» Input data

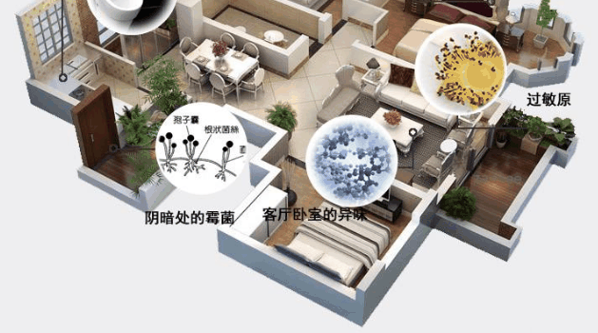 赞科空气净化器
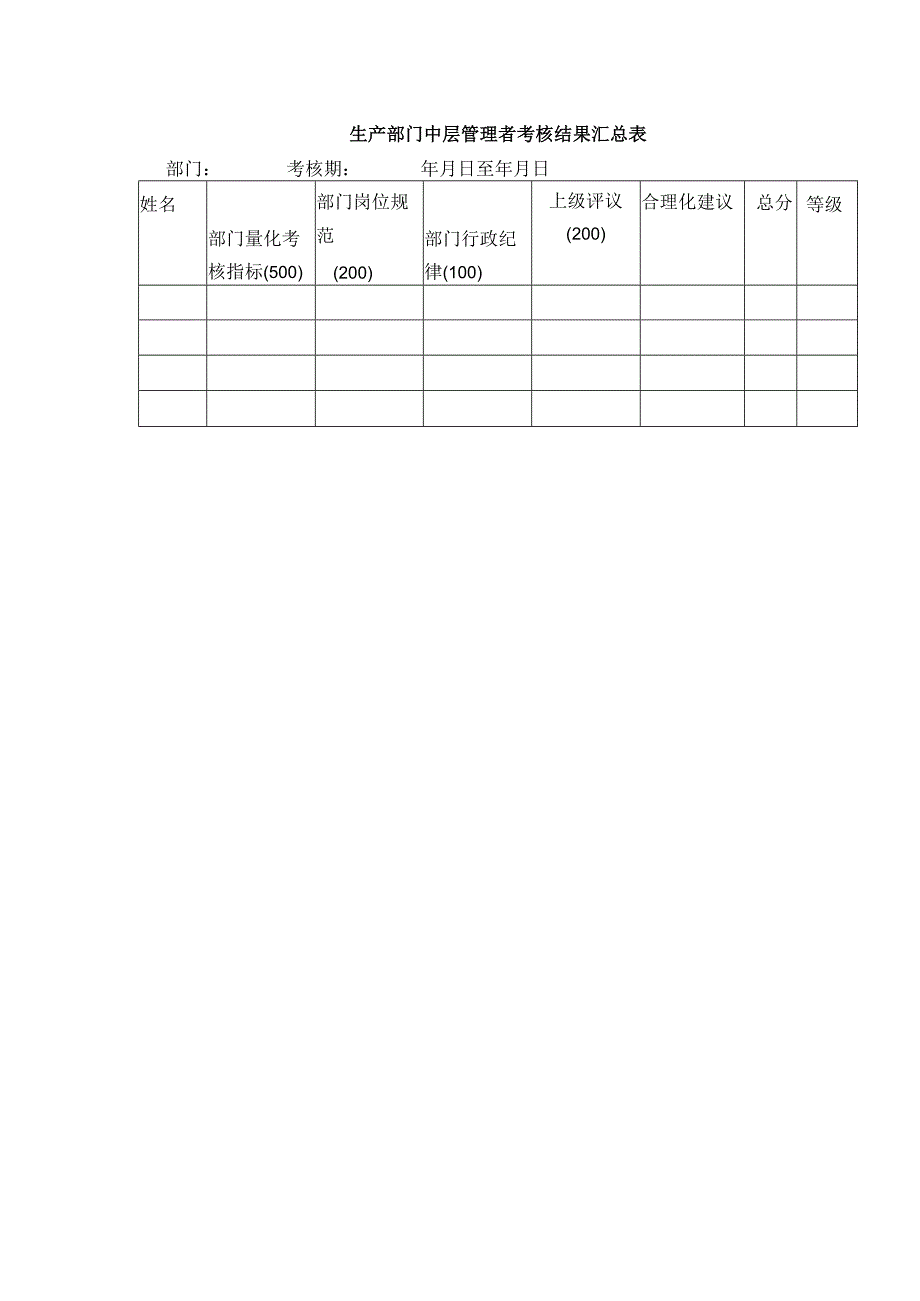 生产部门中层管理者考核结果汇总表.docx_第1页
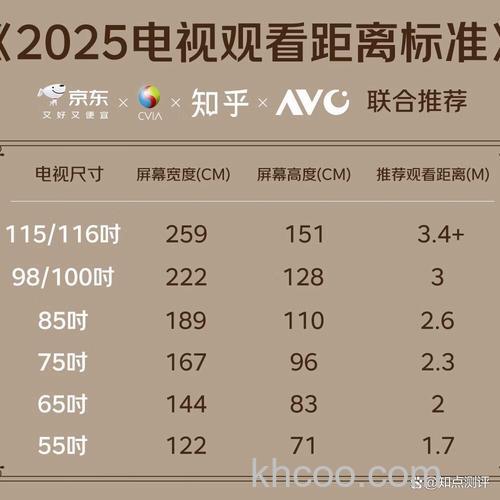 创维电视质量怎么样？（最新评测）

» Task brief
Word for word, repeat all the data, but not its images.

» Answer to this problem
 赞科空气净化器
 生产部门中层管理者考核结果汇总表.docx_第1页
 创维电视质量怎么样？（最新评测）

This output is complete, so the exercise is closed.